[Activity] The entries below should be quoted exactly, with no pictures carried over.

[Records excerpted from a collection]
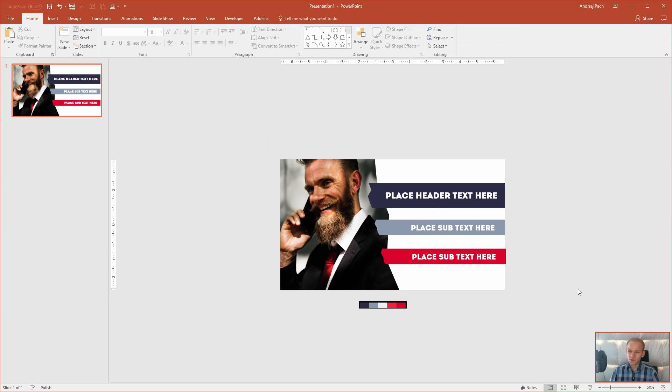I hope you enjoyed this tutorial and you will remember that you can use custom shapes to create those custom looking designs in PowerPoint.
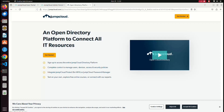Hi guys. In this video, what we are going to see is JumpCloud. First, what is JumpCloud? This is not a promotional video. I already used the JumpCloud tool, that is why I will explain it — only for educational purposes. I recommend it to you.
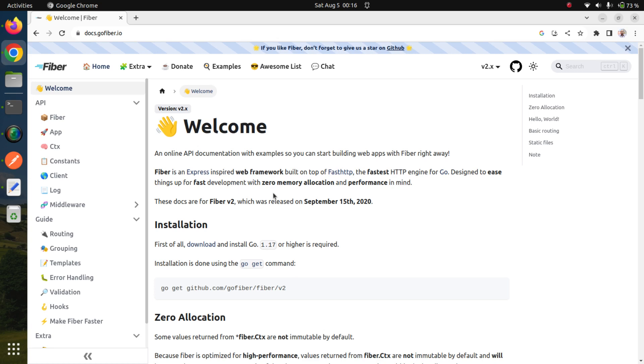We'll have CRUD functionality. We will have the capability to list blogs, read a specific blog post, create a blog, edit a blog, and delete a blog. These are the functionalities which our blog application will have.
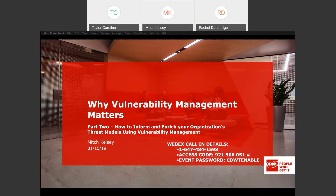Good morning everyone. Thank you for joining us for the CDW Tenable webinar series. This episode is entitled 'How to Inform and Enrich Your Organization's Threat Models Using Vulnerability Management.'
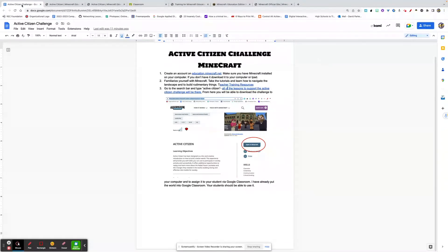Perhaps do some other training or mount some other ideas. Thanks again. This is Dave Parker with Compton EdTech. Have a great day.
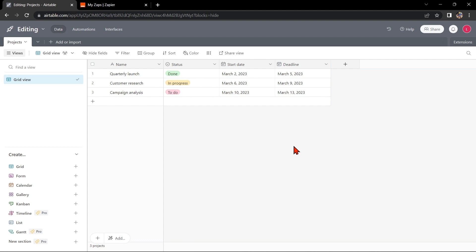Hello guys, welcome back to our channel. In this video, I'll be showing you how to integrate Airtable with Jira Cloud. This integration can help you streamline your project management by keeping all of your data in one place. So let's start.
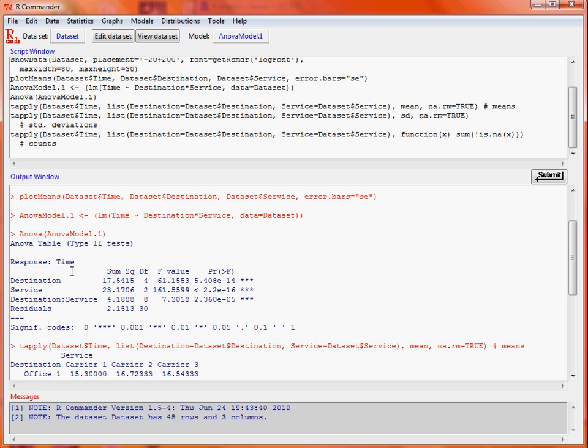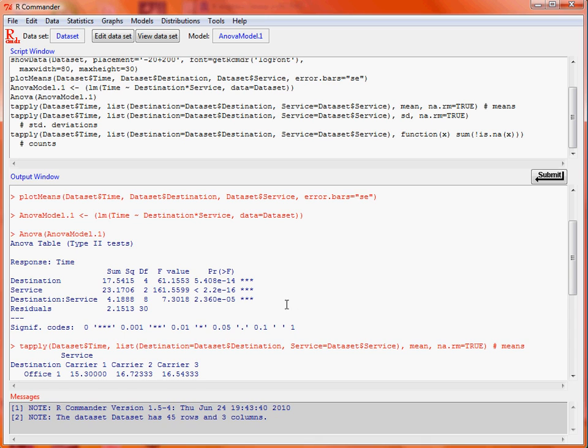Is there a difference between the destinations, the five offices? Yes, we've got a very small p-value, so it suggests that, on average, delivery time is different. We've got our three services, and again we've got a very significant test here with a very low p-value, suggesting that the three carriers are different in terms of the time that it takes to deliver, and the interaction between the two is also important. So the difference between the services depends on which offices they're being sent to. And similarly, the difference between the offices depends on which service is being used.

[Output for this task]
I hope you enjoyed this tutorial and you will remember that you can use custom shapes to create those custom looking designs in PowerPoint.
Hi guys. In this video, what we are going to see is JumpCloud. First, what is JumpCloud? This is not a promotional video. I already used the JumpCloud tool, that is why I will explain it — only for educational purposes. I recommend it to you.
We'll have CRUD functionality. We will have the capability to list blogs, read a specific blog post, create a blog, edit a blog, and delete a blog. These are the functionalities which our blog application will have.
Good morning everyone. Thank you for joining us for the CDW Tenable webinar series. This episode is entitled 'How to Inform and Enrich Your Organization's Threat Models Using Vulnerability Management.'
Perhaps do some other training or mount some other ideas. Thanks again. This is Dave Parker with Compton EdTech. Have a great day.
Hello guys, welcome back to our channel. In this video, I'll be showing you how to integrate Airtable with Jira Cloud. This integration can help you streamline your project management by keeping all of your data in one place. So let's start.
Is there a difference between the destinations, the five offices? Yes, we've got a very small p-value, so it suggests that, on average, delivery time is different. We've got our three services, and again we've got a very significant test here with a very low p-value, suggesting that the three carriers are different in terms of the time that it takes to deliver, and the interaction between the two is also important. So the difference between the services depends on which offices they're being sent to. And similarly, the difference between the offices depends on which service is being used.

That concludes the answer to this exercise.